Goal of the exercise
Among the lines below, copy exactly those from the one with "Presidenta Sheinbaum supervisa" through the one with "Suite, 2 Bedrooms, Balcony (Estate View)", counting both ends.

(Extracted data entries)
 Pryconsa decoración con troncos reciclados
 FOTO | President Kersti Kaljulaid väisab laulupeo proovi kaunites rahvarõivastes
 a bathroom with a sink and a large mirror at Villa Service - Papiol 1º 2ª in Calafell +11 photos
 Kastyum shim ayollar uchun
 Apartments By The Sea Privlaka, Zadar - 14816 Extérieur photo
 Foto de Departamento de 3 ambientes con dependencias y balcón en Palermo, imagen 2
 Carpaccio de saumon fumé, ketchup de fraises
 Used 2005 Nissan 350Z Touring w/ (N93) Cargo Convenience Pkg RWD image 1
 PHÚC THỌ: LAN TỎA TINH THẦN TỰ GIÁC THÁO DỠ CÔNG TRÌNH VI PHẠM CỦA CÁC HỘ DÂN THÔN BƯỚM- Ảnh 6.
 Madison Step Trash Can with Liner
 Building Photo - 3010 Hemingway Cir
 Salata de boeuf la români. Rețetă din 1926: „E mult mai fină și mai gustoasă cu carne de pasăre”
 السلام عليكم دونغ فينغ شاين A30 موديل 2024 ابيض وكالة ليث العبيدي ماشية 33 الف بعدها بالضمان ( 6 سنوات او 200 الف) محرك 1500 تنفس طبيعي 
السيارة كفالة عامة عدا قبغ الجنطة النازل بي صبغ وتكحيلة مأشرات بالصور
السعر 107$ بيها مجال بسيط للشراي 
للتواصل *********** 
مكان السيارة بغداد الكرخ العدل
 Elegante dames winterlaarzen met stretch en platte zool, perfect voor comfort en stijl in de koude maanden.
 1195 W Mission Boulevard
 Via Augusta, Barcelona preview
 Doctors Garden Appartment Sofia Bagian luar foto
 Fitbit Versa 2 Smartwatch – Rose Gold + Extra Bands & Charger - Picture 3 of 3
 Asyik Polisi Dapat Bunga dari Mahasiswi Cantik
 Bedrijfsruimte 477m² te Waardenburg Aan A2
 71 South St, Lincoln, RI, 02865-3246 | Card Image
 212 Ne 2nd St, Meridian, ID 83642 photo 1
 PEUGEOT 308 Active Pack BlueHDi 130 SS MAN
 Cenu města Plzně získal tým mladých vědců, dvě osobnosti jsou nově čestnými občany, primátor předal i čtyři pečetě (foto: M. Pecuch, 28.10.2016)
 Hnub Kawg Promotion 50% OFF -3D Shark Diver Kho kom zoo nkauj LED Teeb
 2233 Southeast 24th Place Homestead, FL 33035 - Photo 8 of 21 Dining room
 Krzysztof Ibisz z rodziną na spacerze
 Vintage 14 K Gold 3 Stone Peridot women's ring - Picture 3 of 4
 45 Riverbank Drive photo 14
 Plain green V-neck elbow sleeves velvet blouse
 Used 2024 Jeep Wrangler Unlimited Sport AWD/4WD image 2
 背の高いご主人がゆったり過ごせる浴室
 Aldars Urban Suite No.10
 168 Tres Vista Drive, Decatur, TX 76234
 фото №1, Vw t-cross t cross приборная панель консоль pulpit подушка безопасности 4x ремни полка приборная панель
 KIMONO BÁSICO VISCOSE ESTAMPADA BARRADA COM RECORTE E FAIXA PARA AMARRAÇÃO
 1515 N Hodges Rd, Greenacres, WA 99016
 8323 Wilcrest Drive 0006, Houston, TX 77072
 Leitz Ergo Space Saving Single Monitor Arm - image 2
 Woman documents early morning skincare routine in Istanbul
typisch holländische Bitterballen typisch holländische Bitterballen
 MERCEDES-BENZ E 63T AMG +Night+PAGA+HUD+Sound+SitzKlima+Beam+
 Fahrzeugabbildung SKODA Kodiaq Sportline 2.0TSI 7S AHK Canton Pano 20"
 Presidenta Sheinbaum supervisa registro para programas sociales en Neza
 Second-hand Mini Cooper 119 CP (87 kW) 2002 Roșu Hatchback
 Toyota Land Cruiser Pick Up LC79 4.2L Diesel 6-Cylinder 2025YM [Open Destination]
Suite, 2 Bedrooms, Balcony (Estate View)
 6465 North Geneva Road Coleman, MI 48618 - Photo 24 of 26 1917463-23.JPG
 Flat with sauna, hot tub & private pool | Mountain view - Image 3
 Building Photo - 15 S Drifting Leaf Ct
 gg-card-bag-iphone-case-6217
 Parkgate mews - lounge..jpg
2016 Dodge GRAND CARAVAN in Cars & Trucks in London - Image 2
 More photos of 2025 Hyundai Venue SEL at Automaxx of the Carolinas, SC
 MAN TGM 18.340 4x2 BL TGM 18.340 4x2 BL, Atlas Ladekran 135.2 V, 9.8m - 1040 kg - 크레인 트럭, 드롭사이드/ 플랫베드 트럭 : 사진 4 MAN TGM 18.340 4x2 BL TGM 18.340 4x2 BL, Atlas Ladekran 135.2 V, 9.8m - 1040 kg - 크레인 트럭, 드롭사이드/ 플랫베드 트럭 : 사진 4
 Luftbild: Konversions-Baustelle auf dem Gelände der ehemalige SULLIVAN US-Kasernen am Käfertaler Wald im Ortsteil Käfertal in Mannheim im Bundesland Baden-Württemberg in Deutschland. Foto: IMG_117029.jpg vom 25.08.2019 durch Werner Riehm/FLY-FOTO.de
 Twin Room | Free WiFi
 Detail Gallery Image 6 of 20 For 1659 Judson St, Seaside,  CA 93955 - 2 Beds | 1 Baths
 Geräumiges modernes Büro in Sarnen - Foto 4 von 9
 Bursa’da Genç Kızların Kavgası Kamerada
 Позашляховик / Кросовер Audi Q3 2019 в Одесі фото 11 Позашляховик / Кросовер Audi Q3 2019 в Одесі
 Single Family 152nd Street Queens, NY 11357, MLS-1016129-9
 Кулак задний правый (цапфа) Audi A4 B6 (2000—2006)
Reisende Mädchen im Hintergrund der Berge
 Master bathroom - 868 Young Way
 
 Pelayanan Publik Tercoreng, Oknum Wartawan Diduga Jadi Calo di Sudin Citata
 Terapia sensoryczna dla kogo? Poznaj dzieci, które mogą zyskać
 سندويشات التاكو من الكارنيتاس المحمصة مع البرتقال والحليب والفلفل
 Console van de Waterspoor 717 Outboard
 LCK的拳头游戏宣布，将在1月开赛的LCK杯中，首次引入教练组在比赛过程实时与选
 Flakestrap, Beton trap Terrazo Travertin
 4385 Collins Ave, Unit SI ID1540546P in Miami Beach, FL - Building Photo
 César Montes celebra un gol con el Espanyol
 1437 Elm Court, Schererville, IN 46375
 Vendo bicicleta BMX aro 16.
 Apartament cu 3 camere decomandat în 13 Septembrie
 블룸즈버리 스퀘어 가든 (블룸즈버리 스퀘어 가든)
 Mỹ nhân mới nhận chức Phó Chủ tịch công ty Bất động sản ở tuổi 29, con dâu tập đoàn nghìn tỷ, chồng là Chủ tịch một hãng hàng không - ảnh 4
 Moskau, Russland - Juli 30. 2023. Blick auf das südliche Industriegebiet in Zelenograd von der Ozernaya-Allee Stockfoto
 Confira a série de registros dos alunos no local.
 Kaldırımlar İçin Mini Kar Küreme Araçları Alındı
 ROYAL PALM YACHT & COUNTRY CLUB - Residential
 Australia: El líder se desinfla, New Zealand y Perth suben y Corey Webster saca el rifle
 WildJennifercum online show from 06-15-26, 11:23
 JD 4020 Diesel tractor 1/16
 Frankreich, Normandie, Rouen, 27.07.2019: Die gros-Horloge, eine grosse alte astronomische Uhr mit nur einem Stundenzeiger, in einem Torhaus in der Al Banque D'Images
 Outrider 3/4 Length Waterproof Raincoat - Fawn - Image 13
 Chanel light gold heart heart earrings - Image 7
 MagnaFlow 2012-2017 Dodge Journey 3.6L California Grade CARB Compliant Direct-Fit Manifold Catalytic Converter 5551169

Solution to the exercise
 Presidenta Sheinbaum supervisa registro para programas sociales en Neza
 Second-hand Mini Cooper 119 CP (87 kW) 2002 Roșu Hatchback
 Toyota Land Cruiser Pick Up LC79 4.2L Diesel 6-Cylinder 2025YM [Open Destination]
Suite, 2 Bedrooms, Balcony (Estate View)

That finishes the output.